__DATA FOR THE TASK__:
--------------------------------

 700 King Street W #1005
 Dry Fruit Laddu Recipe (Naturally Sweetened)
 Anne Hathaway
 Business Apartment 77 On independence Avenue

--------------------------------

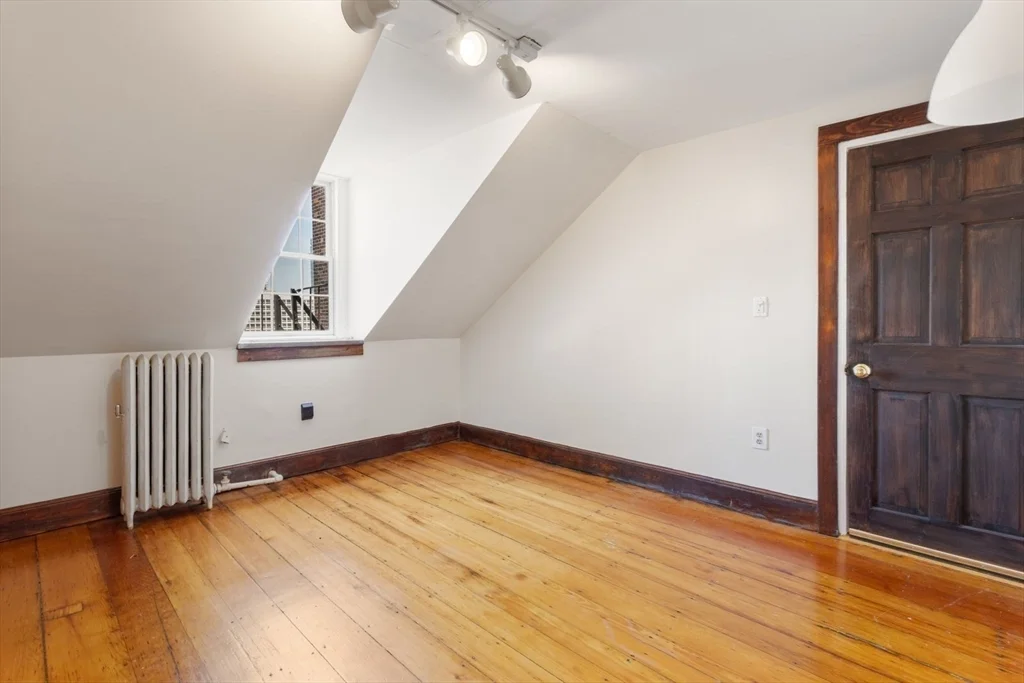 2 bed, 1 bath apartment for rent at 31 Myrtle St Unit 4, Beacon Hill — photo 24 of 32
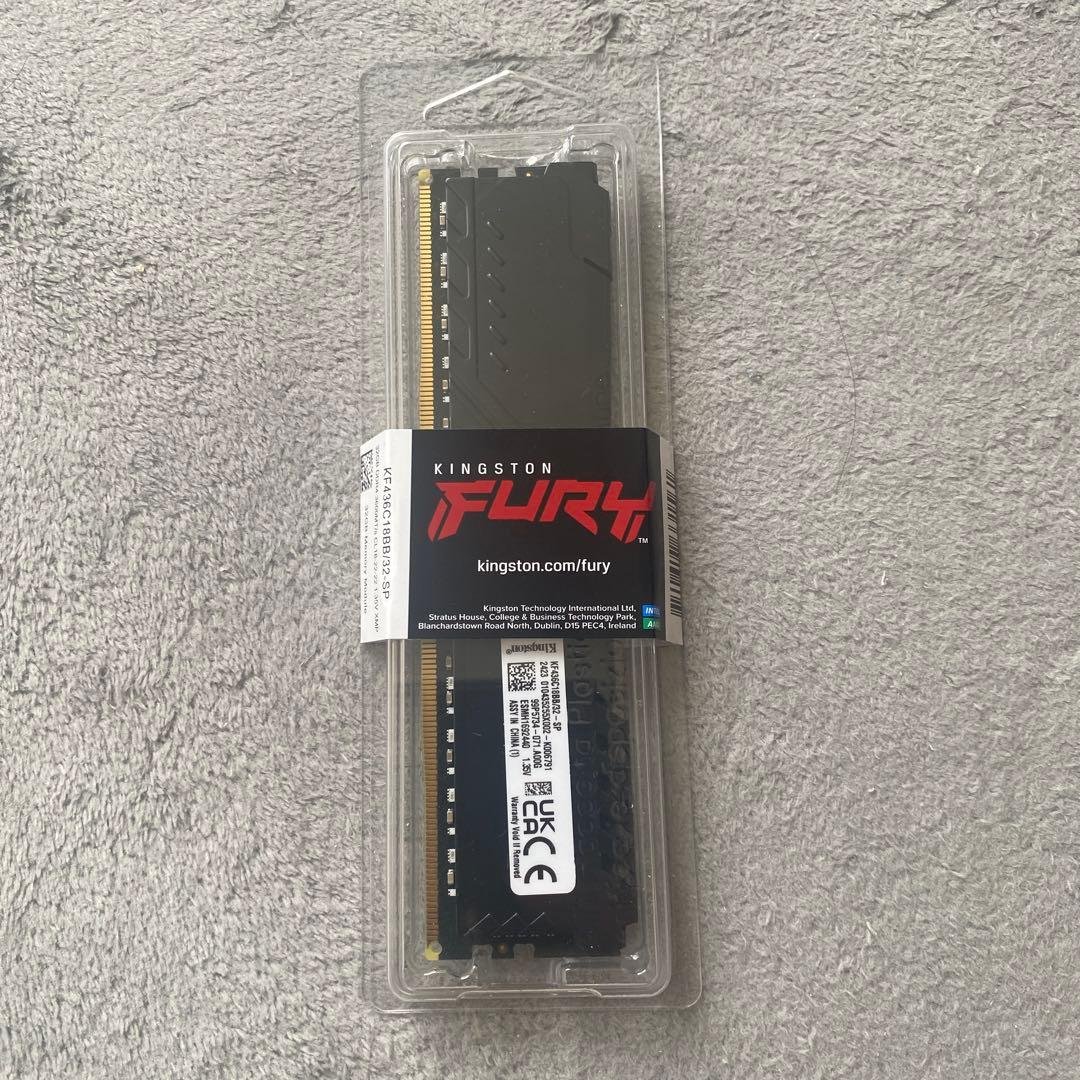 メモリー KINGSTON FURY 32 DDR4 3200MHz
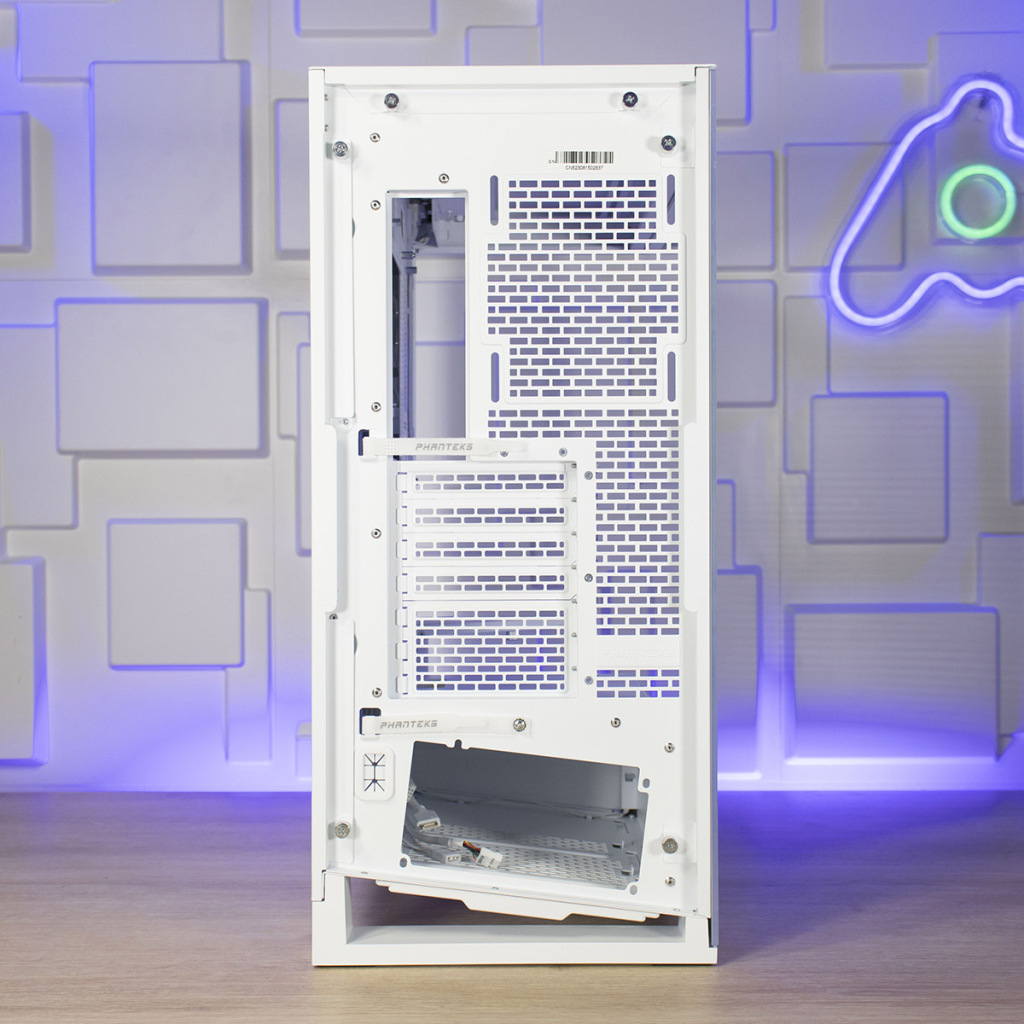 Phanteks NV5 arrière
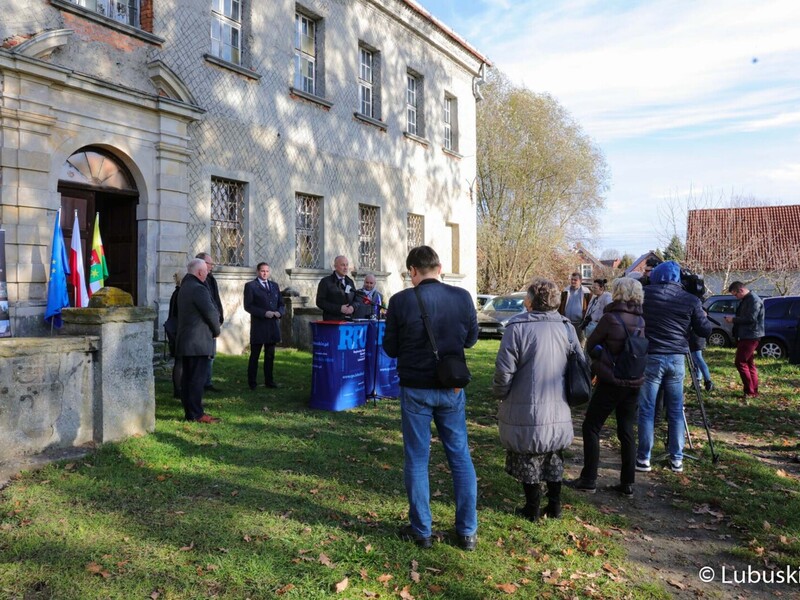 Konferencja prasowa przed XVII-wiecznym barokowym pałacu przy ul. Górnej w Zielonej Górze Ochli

--------------------------------

Go through the material above and output exactly the lines from the one containing "700 King Street W #1005" through the one containing "Business Apartment 77 On independence Avenue".

__RESULT OF THIS TASK__:
 700 King Street W #1005
 Dry Fruit Laddu Recipe (Naturally Sweetened)
 Anne Hathaway
 Business Apartment 77 On independence Avenue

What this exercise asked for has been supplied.